You’ve heard all the marital advice. Communicate more with each other. Think about why you connected in the first place. Look at matters from your partner’s point of view. Remember the loneliness of being single. Well, here’s another strategy for marital success: Walk the neighborhood.

Who would have guessed that something as basic as locomotion – didn’t we learn how as toddlers –  is a key to a happy marriage? But it works, and my wife and I are proof. We’ve been strolling up and down our Pembroke neighborhood for 30 years, maybe 325 days a year, and it has enriched our lives.

Perambulating together forces you to lock in step, moving at the same speed, pacing at the same energy level. You align yourself right and left, or first and second when single filing. You form a rhythm of motion. This behavior adaptation is called cooperation. And what’s the key to relationships, if not cooperation?

You feel like a twosome. People say, “Here come the Scotts.” Or, “Look who’s policing the area.” It fosters a couples mentality. So when problems arise, you cope with the situation instead of throwing up your hands. You do that because, even when annoyed with your partner, an inner voice says: “You are the walkers. The walkers keep on trucking.”

Traipsing gets you out and about, and that prompts you to see life more philosophically. After all, didn’t Socrates come up with his brilliant musings while rambling with acolytes? Through the windows, you see people inside their homes, washing the dishes, watching TV, talking on the phone. You realize, whether in chateau or shack, all couples have their way of getting through the days and nights. I think about some of our own patterns – reading at dinner, playing Ping-Pong after, standing by the picture window before we go to bed and looking out – and wonder how other twosomes passing by outside might view our behavior.

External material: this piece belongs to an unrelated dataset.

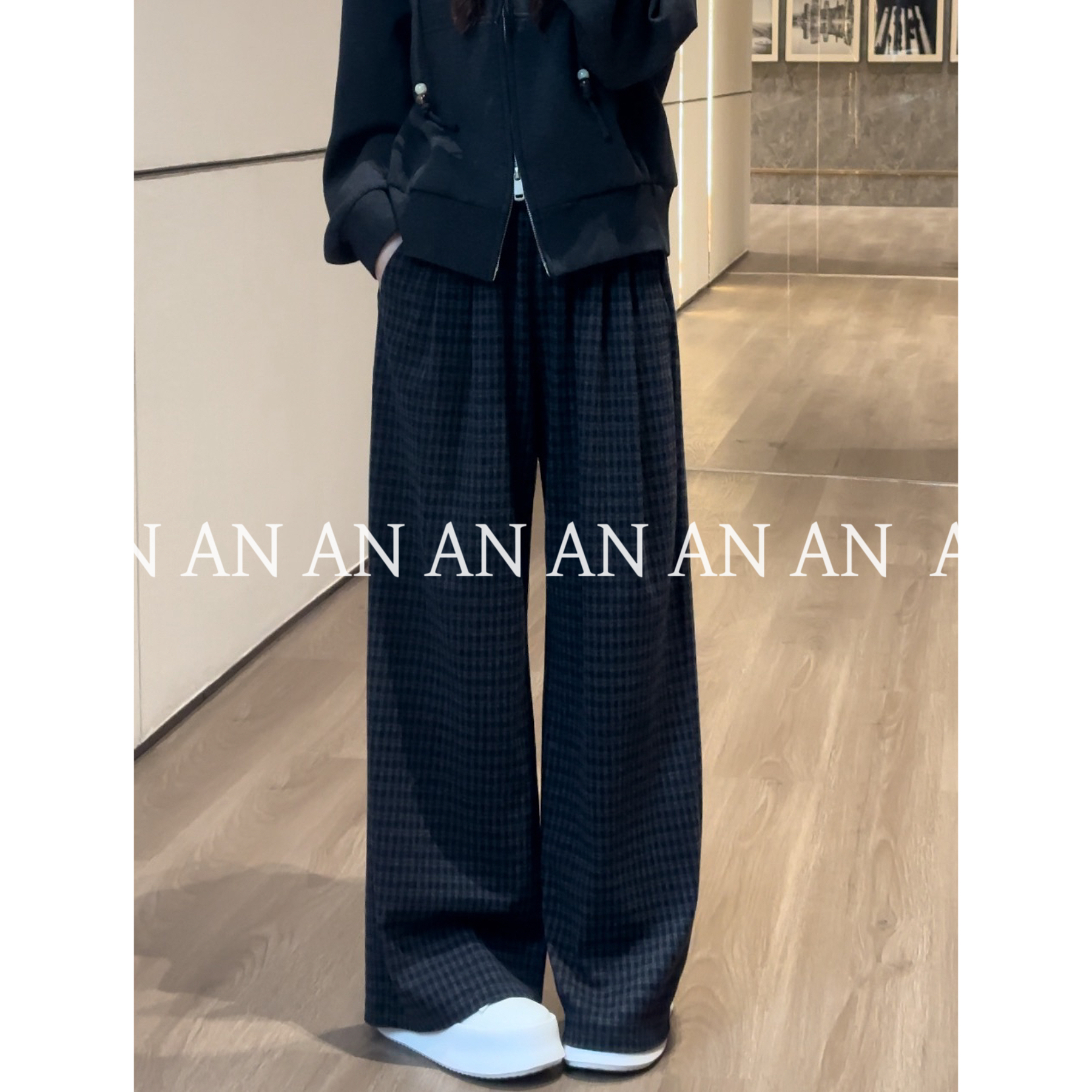 C08400新款时尚洋气宽松百搭慵懒感松紧腰阔腿休闲格子裤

By walking together, you’re regularly reminded of a major life lesson – that everyone has problems. The guy at the corner spends so much time in his yard smoking cigars because he lost his job. The wealthy family didn’t head south this year because she contracted a rare blood disease. The wife of the ideal couple is having an affair. Through the window, you sometimes hear voices raised in anger and then remember the many fights the two of you had, now so buried that you can’t recall what they were about. It puts matters in perspective.